What is required
In the records below, find the line with "Certified 2025 Nissan", then copy each line exactly until you have copied the line with "Натяжитель ролика ремня грм vag". Leave any picture out.

Records supplied
--*--
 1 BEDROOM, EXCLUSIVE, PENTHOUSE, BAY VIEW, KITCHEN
--*--
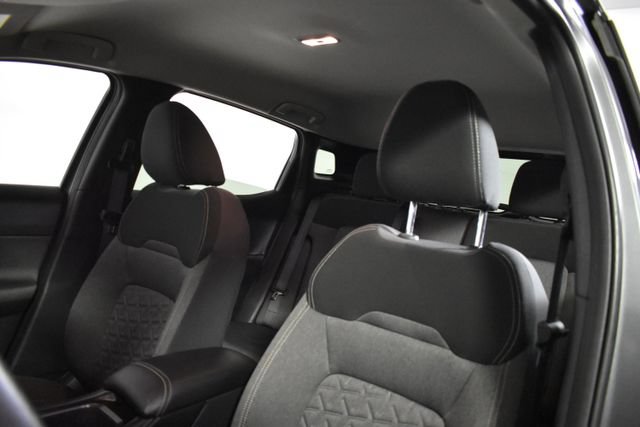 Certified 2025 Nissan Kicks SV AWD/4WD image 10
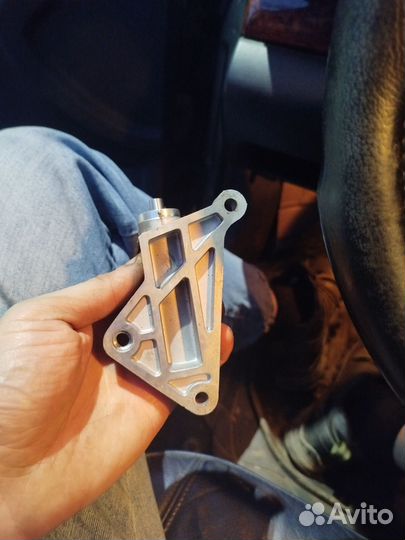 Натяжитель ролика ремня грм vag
--*--
Your response
 Certified 2025 Nissan Kicks SV AWD/4WD image 10
 Натяжитель ролика ремня грм vag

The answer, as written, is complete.